Word for word, restate the lines of the data from the first through the one containing "Иллюстрации к детским книгам - 5555914", and nothing else.
BEGIN Records provided
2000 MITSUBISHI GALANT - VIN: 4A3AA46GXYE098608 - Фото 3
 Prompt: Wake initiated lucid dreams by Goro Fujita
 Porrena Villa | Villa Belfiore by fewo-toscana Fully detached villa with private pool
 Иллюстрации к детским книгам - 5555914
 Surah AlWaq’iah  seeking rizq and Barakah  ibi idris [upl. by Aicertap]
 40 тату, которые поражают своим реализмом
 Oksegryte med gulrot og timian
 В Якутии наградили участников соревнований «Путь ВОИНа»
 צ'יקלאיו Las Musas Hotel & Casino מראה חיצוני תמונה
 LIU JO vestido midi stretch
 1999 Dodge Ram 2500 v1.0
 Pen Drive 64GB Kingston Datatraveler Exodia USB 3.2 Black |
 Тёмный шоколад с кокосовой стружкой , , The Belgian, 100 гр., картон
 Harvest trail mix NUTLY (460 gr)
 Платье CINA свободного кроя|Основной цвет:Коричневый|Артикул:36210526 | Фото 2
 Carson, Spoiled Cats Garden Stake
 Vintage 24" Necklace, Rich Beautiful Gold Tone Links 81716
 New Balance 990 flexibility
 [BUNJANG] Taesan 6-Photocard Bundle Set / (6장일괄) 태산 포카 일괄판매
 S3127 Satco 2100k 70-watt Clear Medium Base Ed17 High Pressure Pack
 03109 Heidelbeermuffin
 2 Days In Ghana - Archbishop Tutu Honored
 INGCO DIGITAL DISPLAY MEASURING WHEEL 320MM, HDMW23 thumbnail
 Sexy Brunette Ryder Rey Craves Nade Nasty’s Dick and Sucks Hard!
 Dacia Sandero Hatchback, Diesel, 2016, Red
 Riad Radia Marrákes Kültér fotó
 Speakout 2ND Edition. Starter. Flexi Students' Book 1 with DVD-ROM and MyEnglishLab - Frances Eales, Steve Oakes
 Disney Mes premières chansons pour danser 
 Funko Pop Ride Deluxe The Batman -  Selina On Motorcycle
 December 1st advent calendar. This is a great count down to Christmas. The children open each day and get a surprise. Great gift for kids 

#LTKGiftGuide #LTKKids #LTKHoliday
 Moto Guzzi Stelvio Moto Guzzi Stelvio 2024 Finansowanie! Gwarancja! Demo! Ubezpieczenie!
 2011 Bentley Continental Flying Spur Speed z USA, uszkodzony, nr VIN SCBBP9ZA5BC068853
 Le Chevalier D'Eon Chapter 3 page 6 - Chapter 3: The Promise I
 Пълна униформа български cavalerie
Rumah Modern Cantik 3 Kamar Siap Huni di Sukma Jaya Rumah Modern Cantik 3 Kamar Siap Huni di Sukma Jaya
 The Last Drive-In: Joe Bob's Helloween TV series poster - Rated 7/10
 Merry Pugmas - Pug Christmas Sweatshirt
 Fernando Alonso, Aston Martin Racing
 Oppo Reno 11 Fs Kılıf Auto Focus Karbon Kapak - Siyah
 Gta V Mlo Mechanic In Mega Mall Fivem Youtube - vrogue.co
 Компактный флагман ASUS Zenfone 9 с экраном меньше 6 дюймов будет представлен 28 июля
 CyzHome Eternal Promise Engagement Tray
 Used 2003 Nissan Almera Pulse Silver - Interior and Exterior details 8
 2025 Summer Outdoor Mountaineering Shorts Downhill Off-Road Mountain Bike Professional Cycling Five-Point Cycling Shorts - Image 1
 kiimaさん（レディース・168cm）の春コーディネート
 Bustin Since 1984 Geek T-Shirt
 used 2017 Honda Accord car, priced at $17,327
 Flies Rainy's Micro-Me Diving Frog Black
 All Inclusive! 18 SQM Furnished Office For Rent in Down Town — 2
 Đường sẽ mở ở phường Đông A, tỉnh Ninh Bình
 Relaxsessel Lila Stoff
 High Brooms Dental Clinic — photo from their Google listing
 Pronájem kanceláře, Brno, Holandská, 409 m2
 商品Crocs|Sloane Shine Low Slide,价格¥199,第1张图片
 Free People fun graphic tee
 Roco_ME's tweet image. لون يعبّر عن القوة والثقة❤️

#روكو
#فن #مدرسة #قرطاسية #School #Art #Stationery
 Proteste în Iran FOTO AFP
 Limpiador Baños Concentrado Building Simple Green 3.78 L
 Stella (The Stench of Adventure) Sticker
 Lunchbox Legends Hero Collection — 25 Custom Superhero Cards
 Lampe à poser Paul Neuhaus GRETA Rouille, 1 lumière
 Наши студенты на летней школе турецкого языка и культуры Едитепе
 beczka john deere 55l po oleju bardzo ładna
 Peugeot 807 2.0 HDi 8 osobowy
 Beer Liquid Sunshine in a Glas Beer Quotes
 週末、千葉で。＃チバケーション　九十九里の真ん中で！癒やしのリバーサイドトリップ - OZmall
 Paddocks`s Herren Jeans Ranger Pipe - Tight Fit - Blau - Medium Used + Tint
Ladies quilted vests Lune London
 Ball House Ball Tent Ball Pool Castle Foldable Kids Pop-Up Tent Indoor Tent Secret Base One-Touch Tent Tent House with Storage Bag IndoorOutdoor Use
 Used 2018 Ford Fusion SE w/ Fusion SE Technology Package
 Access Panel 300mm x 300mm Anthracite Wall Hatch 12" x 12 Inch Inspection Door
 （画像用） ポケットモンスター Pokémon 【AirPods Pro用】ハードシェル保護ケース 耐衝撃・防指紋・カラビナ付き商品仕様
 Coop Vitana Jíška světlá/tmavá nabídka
END Records provided
* **Result for this exercise**:
2000 MITSUBISHI GALANT - VIN: 4A3AA46GXYE098608 - Фото 3
 Prompt: Wake initiated lucid dreams by Goro Fujita
 Porrena Villa | Villa Belfiore by fewo-toscana Fully detached villa with private pool
 Иллюстрации к детским книгам - 5555914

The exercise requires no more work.